“Let’s try the door,” he said.
As he went up the steps, Dave felt like asking God for a favor. He wasn’t religious, was far from it, and if he’d been at all religious before the death of his family, that terrible event had wiped the visions of Heaven out of his head. He knew Hell existed, though. No doubt about that. It was everywhere now, burst from its realm of space and time. God, Dave thought as he reached the top of the stairs, if there’s anything to you, how about giving us a break? How about manning up and helping us?
They needed so much to get one of those buses moving. They needed luck and about eight feet of hose, a hand crank pump of some kind, and two new batteries. They needed a probe to find out if there was already fuel in any of the buses, tanks so they wouldn’t be wasting their time on a dry hole. They needed so much, and there were so many people depending on them.
But right now they needed for that door to open.
Dave reached out for the handle.
He felt his face tighten in preparation for disappointment. But even if this damned door is locked, he thought, we’ve got the broken window. Old Kenny Ray’s window, looking out at the flowers of love.
Help us, he thought, and tears stung his eyes. Please.

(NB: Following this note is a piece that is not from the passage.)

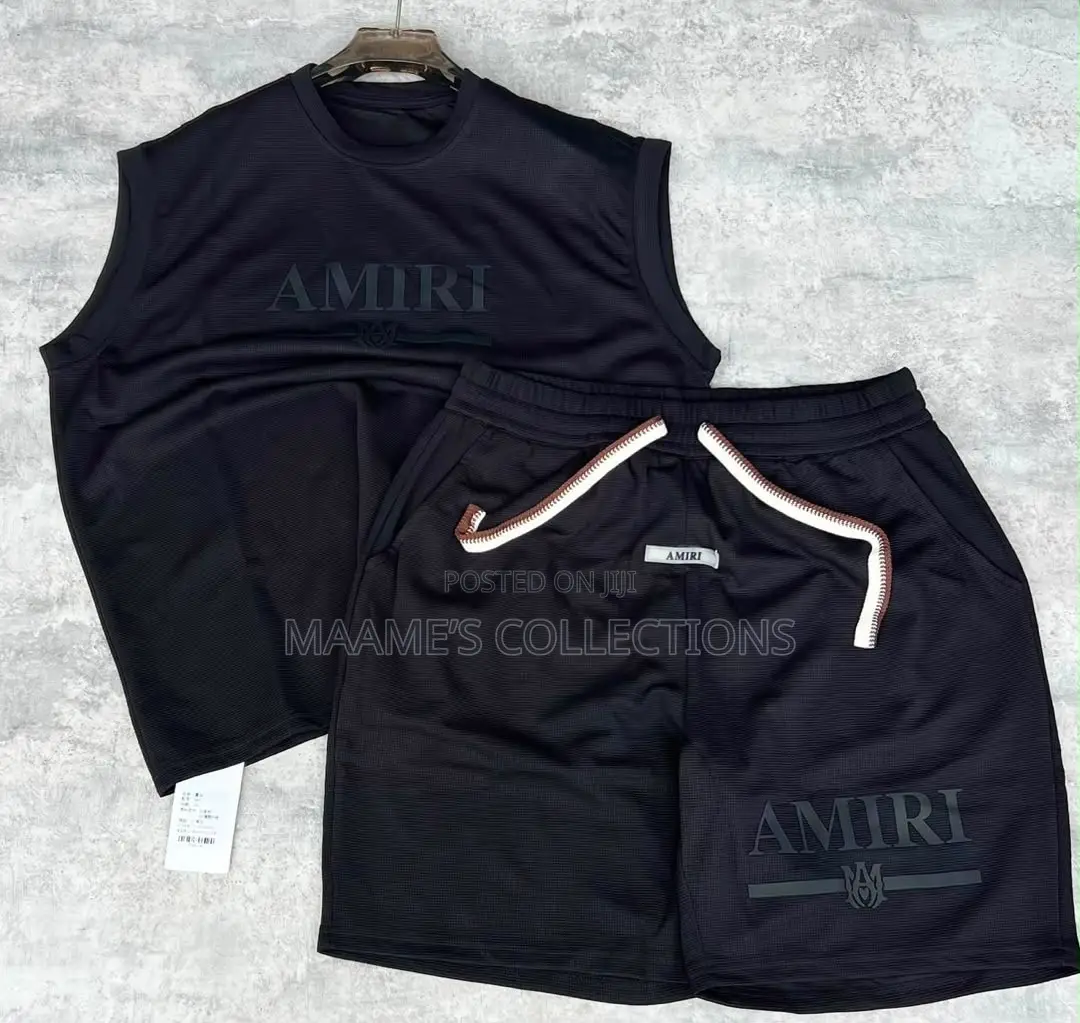 Men’s Stylish 2-Piece Shorts and Sleeveless / Armless Top Set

He grasped the door’s handle and pulled.
Through the binoculars, Ethan saw what was coming.
It had once been a yellow school bus, but the rain had done its damage. The top of the bus was rusted brown, and brown streaks of rust had dripped down the sides. Poudre School District was imprinted on the bus in faded letters, and the number 712. The bus was going slow, in allowance for the two horses whose reins were tied to the rear bumper.
“They found a school bus!” Gary shouted to the people who waited below. There was a stir of activity as even some of the severely wounded managed to haul themselves to their feet. JayDee, Olivia, and a few of the others had been trying to give them comfort, as much as could be done without medical supplies. Gary took the binoculars from Ethan once more and watched the bus approach. “Christ, I never thought they’d find anything!”
Ethan said, “I believe in Dave.”
In another moment, the bus pulled into the open entranceway, came up the quake-cracked road, and stopped where the survivors had gathered near the swimming pool, in the shadow of the dead Gorgon ship.
The doors opened, and Joel was the first one off, followed by Dave and then Hannah. All of them were dirtier than before, if that was possible. They looked wrecked. Dave staggered and had to catch hold of Joel’s shoulder to keep from falling. As those who could walk crowded around, Dave caught sight of Ethan standing up on the tower with Gary and Nikki, and he gave a slight nod that said, I haven’t forgotten.
“Let’s get these people on board,” Dave said to Olivia, who came up to him with a plastic jug of water. He took a swig and passed it to Hannah. “Sorry, we lost one of your horses.”
“We lost the rest to a group who decided to go on. No matter, we can’t keep them.” Her eyes looked bruised, but her voice was steady. “I’m going to untie those two.”
Dave nodded. The important thing now was getting everyone out of here. Bus 712 had had a little more than a quarter tank of fuel already in it before Dave had used the pry bar, rubber hose, and metal containers he’d found to siphon diesel out of the underground tank. There had been four boxed-up heavy-duty batteries in the workshop; now two were in the bus and two were still in their boxes at the back of the bus. While they were at it, they’d put new oil in the engine, and though the thing still ran rough after being awakened from its long sleep, it did run, the wheels turned, it had an uncracked windshield, and six pretty good tires, and Dave thanked God for the Blue Bird bus company. He thanked God also for Hannah, who had gotten them around a lot of debris without tearing up the tires.
“Couldn’t get to Poudre Valley North. Every way we tried was blocked,” he told JayDee as he helped get people aboard. “We went to Poudre Valley South, but every drug in the storeroom was gone. Hell, I wouldn’t know what to get if there’d been anything there but empty shelves. We stopped at a CVS and two Walgreen’s, both cleared out. Figure we might do better down the road.” Billy Bancroft was still cursing as he was carried on, but Dave knew it was to mask a lot of pain. A small number of canned goods had been recovered, as well as a few pistols, rifles, and some ammunition. Four oil lamps and two bottles of fuel made the cut. A dozen plastic jugs of water were put aboard. There was not going to be room in the bus for the heavy machine guns, and the ammunition was almost gone for those, so Dave and Olivia made the tough decision to leave them.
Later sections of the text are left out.